Principal Component Analysis
The second method to remove collinearity is by using Principal Component Analysis or PCA, which is a method that is commonly used for dimensionality reduction. This method would be beneficial to remove collinearity because PCA will decompose our independent variables into a certain number of independent factors.
However, removing collinearity with PCA comes with a big drawback. Since the independent factors that we got from PCA are totally different from our original independent variables, we don’t have the identity of our independent variables anymore. This seems rather counter-intuitive, since the main reason why we remove collinearity is to make it easier for us to interpret the influence of independent variables to our dependent variable.
The Effect of Removing Collinearity in Regression Model
Now that we remove collinearity in our independent variables, let’s compare the regression model with collinearity and without collinearity.
In the left hand side, we have our regression model with collinearity and in the right hand side, we have our regression model after we remove collinearity with variable selection.
The problem with collinearity is that it will inflate the variance or standard error of coefficient estimates. Now if we take a look at both models, the standard error of coefficient estimates in a regression model without collinearity is much less than the model with collinearity. The most apparent one is the city MPG variable. When collinearity exists, the standard error of the coefficient estimates of this variable is 169.14 compared to 60.30 when the collinearity is removed.
If we take a look at the p-Value, the model with collinearity concludes that the city MPG variable is statistically insignificant, meaning we can exclude this variable from our model for better performance. However, when we remove the collinearity, the p-Value of this variable is 0.003, which is actually statistically significant. Collinearity will inflate the variance of coefficient estimates of independent variables, making it difficult for us to trust the resulting p-Value from the model.

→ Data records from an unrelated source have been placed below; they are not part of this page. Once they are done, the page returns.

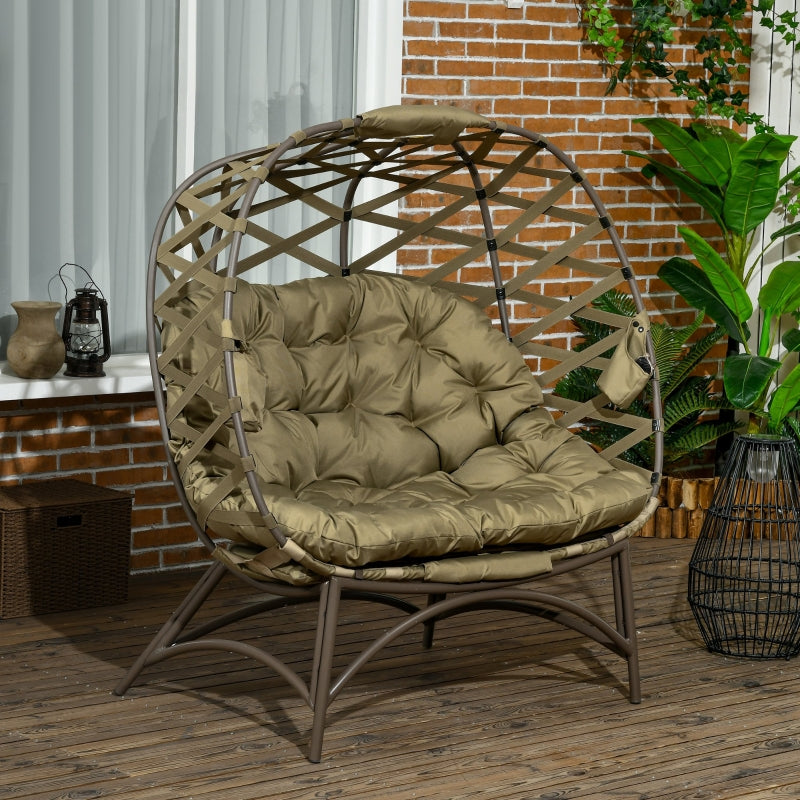 Khaki Folding 2 Seater Outdoor Egg Chair with Cushion and Cup Holders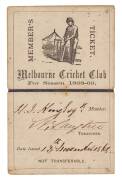 MELBOURNE CRICKET CLUB: 1868-69 Member's Season Ticket, blue leather covers with gilt "M.C.C. 1868-69." on front & reverse. G/VG. - 2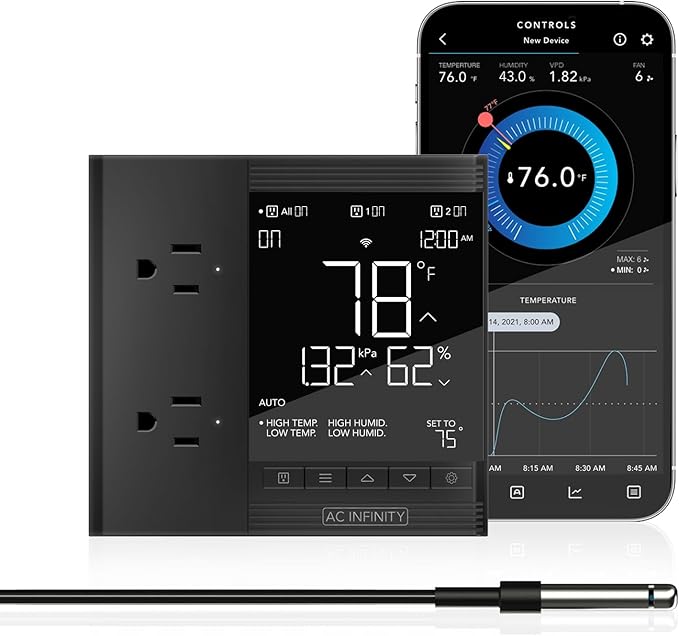 AC Infinity Controller 75 PRO, WiFi Outlet Controller, Independent Programs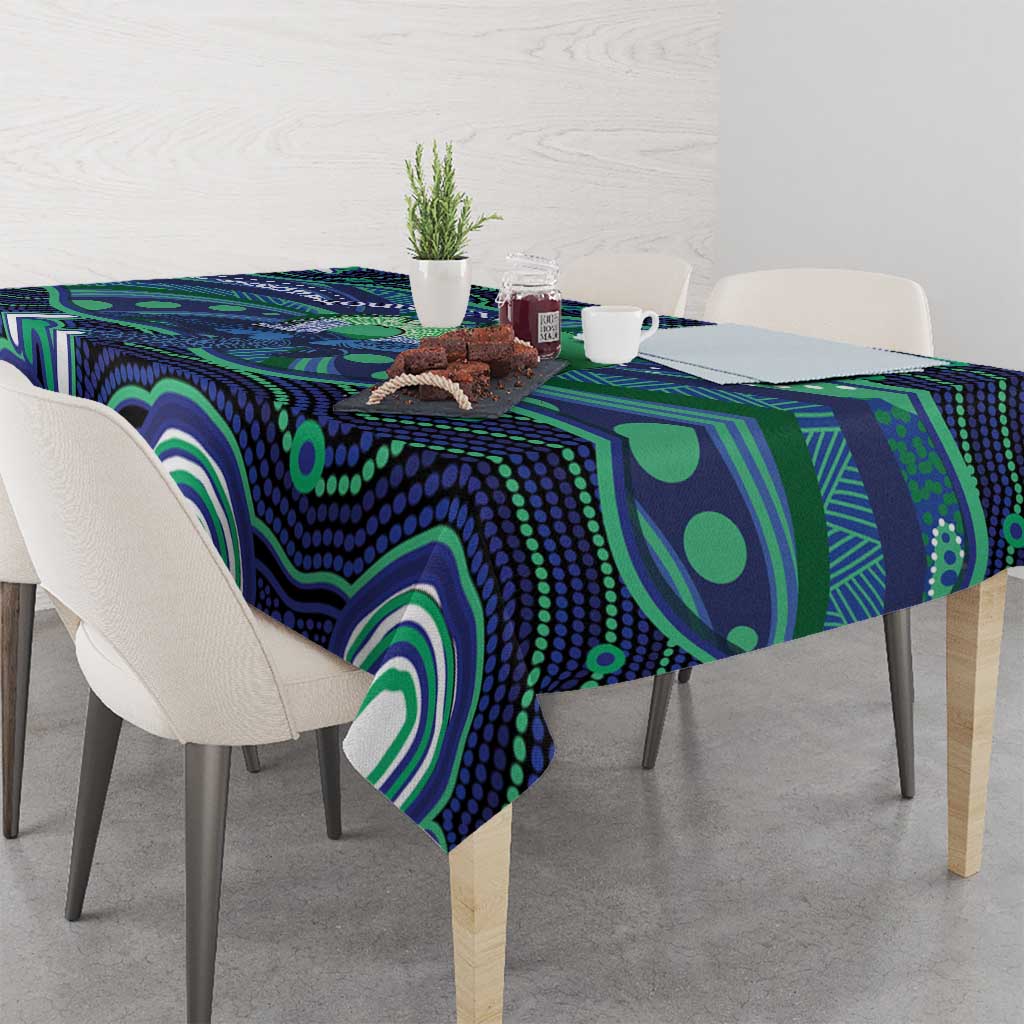 Personalised Torres Strait Islander Flag Day Tablecloth Dhari Australia Dugong Turtle Aboriginal Art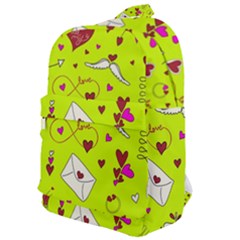 Valentin s Day Love Hearts Pattern Red Pink Green Classic Backpack by EDDArt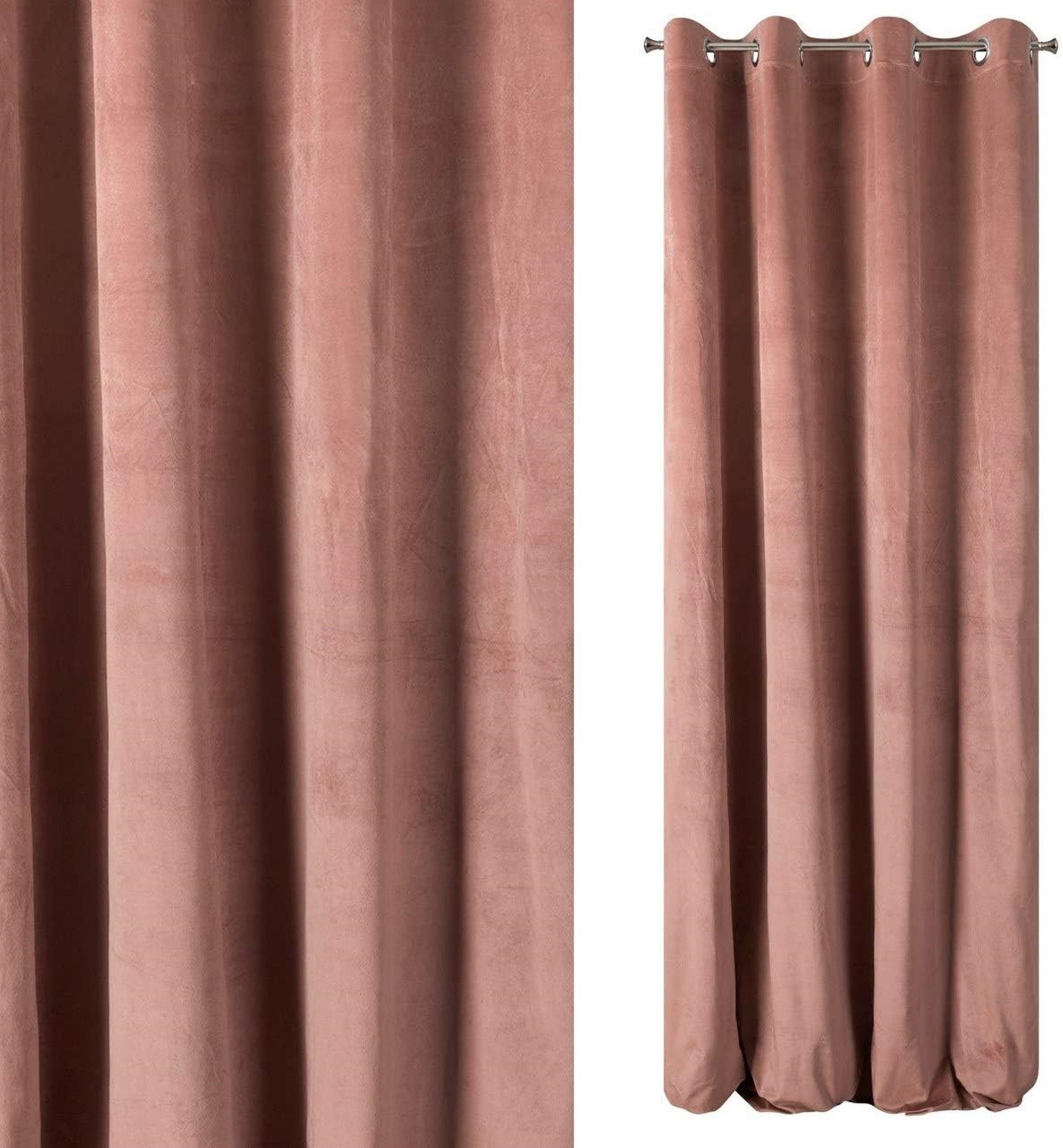 Eurofirany Vorhang VELLIS dunkelrosa 140x250 cm Velvet Ösen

Moreover, with sufficient variable selection, the F-statistics of the model without collinearity is much more significant than the model with collinearity, although the model with collinearity has more independent variables.
Do we Need to Remove Collinearity?
One important thing that we should notice is that collinearity would not affect the model prediction or the accuracy of the model. If you look at the R^2 comparison between the model with and without collinearity above, they are both similar. In fact, the model with collinearity typically yields to a better accuracy due to the fact it generally has more independent variables.
Collinearity only affects the variance of coefficient estimates and the p-Values. It affects the interpretability of the model, not the ability of the model to predict.
So, if you want to build a regression model to make predictions and you don’t need to understand the influence of each independent variable, then you don’t need to remove collinearity in your model.
However, if model interpretation is important for you and you need to understand the influence of each independent variable to model’s prediction, then removing collinearity in your model is necessary.